Here’s a list of the top 5 books I’ve read this year:

  1. Vladimir Nabokov – Pale Fire
  2. David Mitchell – The Bone Clocks
  3. Lawrence Sutin – Divine Invasions A Life of Philip K. Dick
  4. Neil Gaiman – Norse Mythology
  5. China Mieville – This Census-Taker

The only reason I read Nabokov’s Pale Fire was because of its appearance in the apartment of the main character in my favourite film of last year; the beautiful science-fiction masterpiece Blade Runner 2049. In the film, as well as owning the book in it’s paper form (surely an anachronism in 2049) Officer K, a.k.a. Joe (Ryan Gosling), uses part of the 999-line poem within the book as his Base Line Test – the way his employers (the police) know he’s not straying from his programming after a mission.

The Hollywood connection aside, I though the book was great. So different to anything else I have read. It is a great foray into ‘meta-fiction’ with an unreliable and often mistaken ‘narrator’, which supersedes Nabokov’s more famous and comparatively very straight-forward Lolita.

David Mitchell has climbed his way up inside my head to take a worthy place as one of my all-time favourite authors. The Bone Clocks written in 2016 is Mitchell’s sixth novel.  It is very well-constructed from six short stories giving a cohesive narrative from the point of view of multiple intertwined characters.

It works better than Cloud Atlas with the sections connected by ‘main character’ Holly Sykes. Sykes is unwittingly involved in a war between two groups of immortals – the Horologists, who naturally reincarnate and the Anchorites, who murder others to extend their lives. Fabulous stuff.

Here’s a pretty lengthy Q&A that Mashable set up a while back with Mr Mitchell:

Lawrence Sutin’s biography Divine Invasions A Life of Philip K. Dick is a very interesting and eye-opening read. Being a huge fan of PKD, I already knew some of the revelations within the book about the death of his infant twin sister, his pill-popping and his multiple marriages, but I also learned about how he physically abused some of the women he knew, which pissed me off. It shattered the image of the kind-hearted cat-loving mad-as-a-galactic-teapot hippy writer I had imagined all these years.

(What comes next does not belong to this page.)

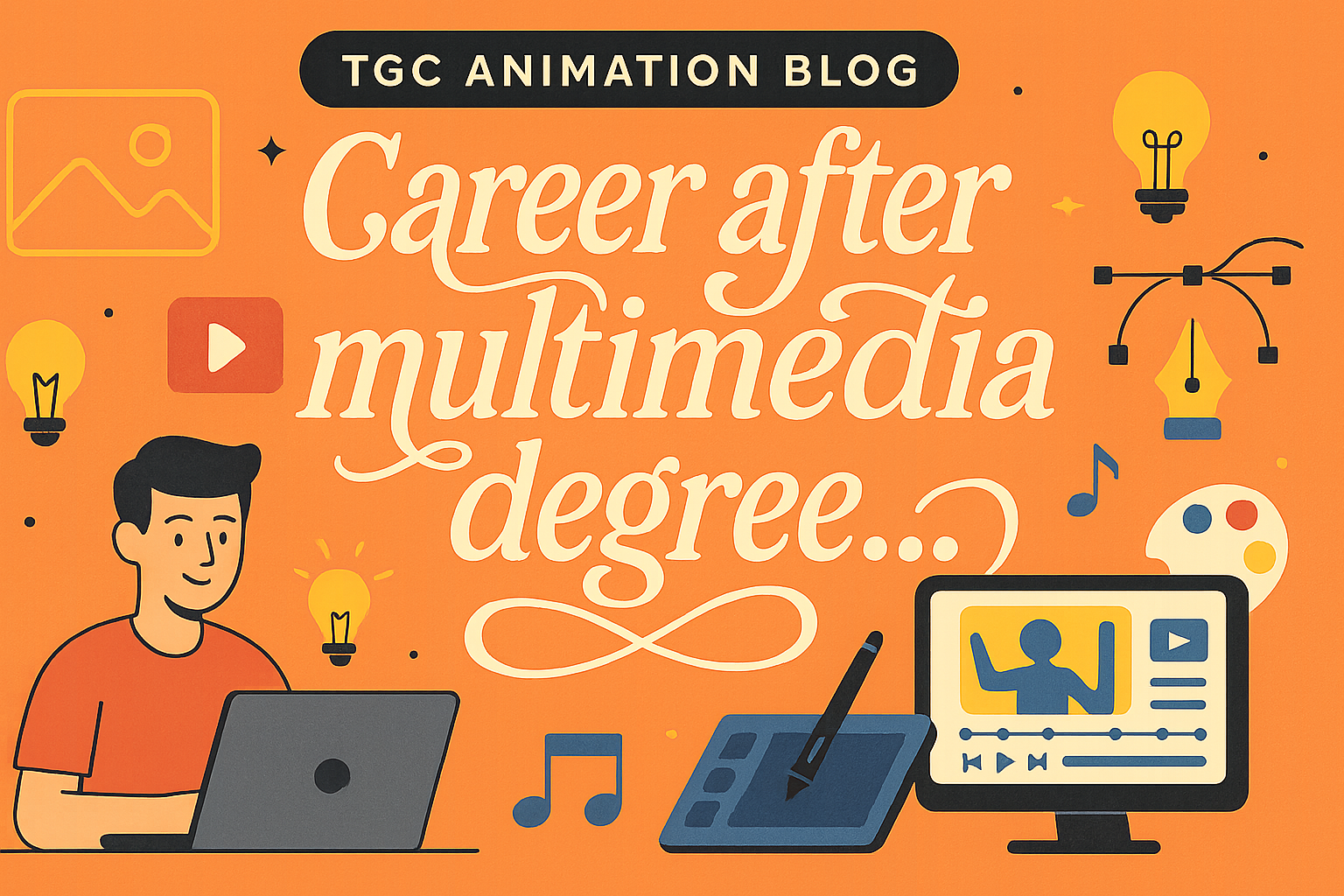 Careers after multimedia degree…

Norse Mythology by Neil Gaiman was a joy to read. Gaiman is a master of concise, witty and imagination-stirring prose and revels in his subject matter. The only problem I had was trying to distance my imagination from the characters portrayed in the Marvel Studios films, but it didn’t detract from the fifteen great tales in the book – including a great version of Ragnarok.

Here’s Mr Gaiman reading a story from the book:

China Mieville’s novella This Census-Taker was an enigmatic story presented to the reader through shifting points of view of the narrator, a young boy who lives in a house halfway up a mountain and is convinced his violent father has killed his mother, but who is forced to continue to live with him due to lack of proof. It’s poetical at times and hints at some kind of post-robot cataclysm and possible race-war.

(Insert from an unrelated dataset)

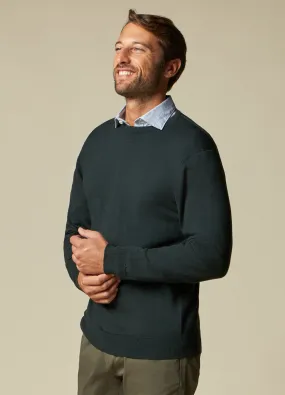 RUMFORD  Pullover rasato in pura lana merino Rumford uomo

In terms of honourable mentions, although he’s in my bad books for his first bad book Macbeth, Jo Nesbo deserves one for his Harry Hole thriller The Thirst.

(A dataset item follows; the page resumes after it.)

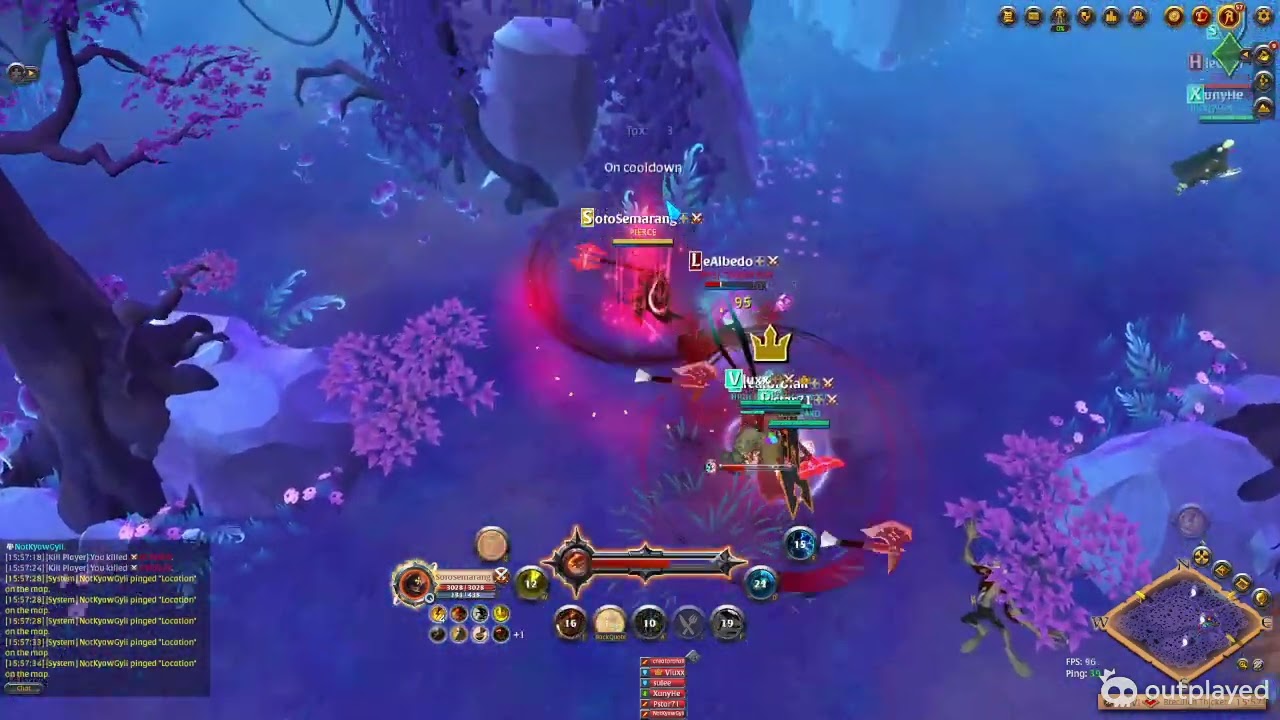 Friendly fight breci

I’d also like to give a nod to Lee Child, creator of Jack Reacher. Child was my most-read author of 2018 and he’s consistently entertaining. He’s like the Bohemian Rhapsody of my year’s reading.

Kurt Vonnegut has also kept me fascinated and amused on my Kindle. It has seen a bit more action this year than last, but I still have 50 physical paperbacks on my bookshelf to read so it’s still not going to be my primary mode of reading in 2019.